Michel-Ange, étonné, le regarda, et s’excusa aussitôt, avec une grande courtoisie :
— Pardonnez, messer Francesco ; en vérité, je ne vous avais pas remarqué, parce que je n’avais d’yeux que pour la marquise.
Cependant Vittoria, après une petite pause, commença, avec un art qu’on ne pouvait assez vanter, à parler de mille choses, d’une façon adroite et discrète, sans toucher à la peinture. On eût dit quelqu’un qui assiège une ville forte, avec peine et avec art ; et Michel-Ange avait l’air d’un assiégé vigilant et défiant, qui met ici des postes, qui lève là les ponts, qui place ailleurs des mines, et qui tient la garnison en éveil aux portes et sur les murs. Mais enfin, la marquise l’emporta. Et vraiment, personne n’aurait pu se défendre d’elle.

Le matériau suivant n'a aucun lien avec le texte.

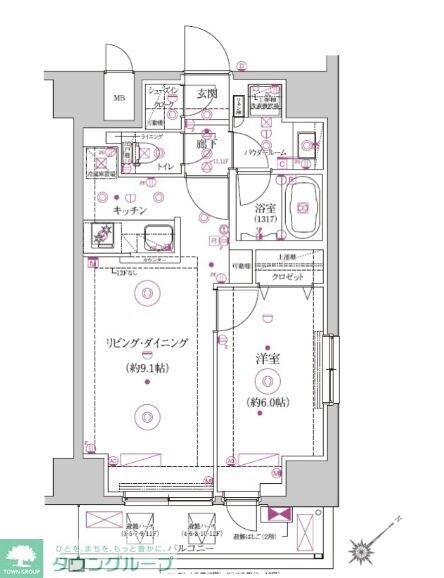 RELUXIA東向島の物件間取画像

— Allons, — dit-elle, — il faut bien reconnaître qu’on est toujours vaincu, quand on attaque Michel-Ange avec ses propres armes, c’est-à-dire avec la ruse. Il faudra, messer Lattanzio, que nous parlions avec lui de procès, de brefs du pape, ou bien… de peinture, si nous voulons le réduire au silence, et avoir le dernier mot.
Ce détour ingénieux amène la conversation sur le terrain de l’art. Vittoria entretient Michel-Ange d’une construction pieuse, qu’elle a le projet d’élever ; et aussitôt Michel-Ange s’offre à examiner l’emplacement, pour ébaucher un plan.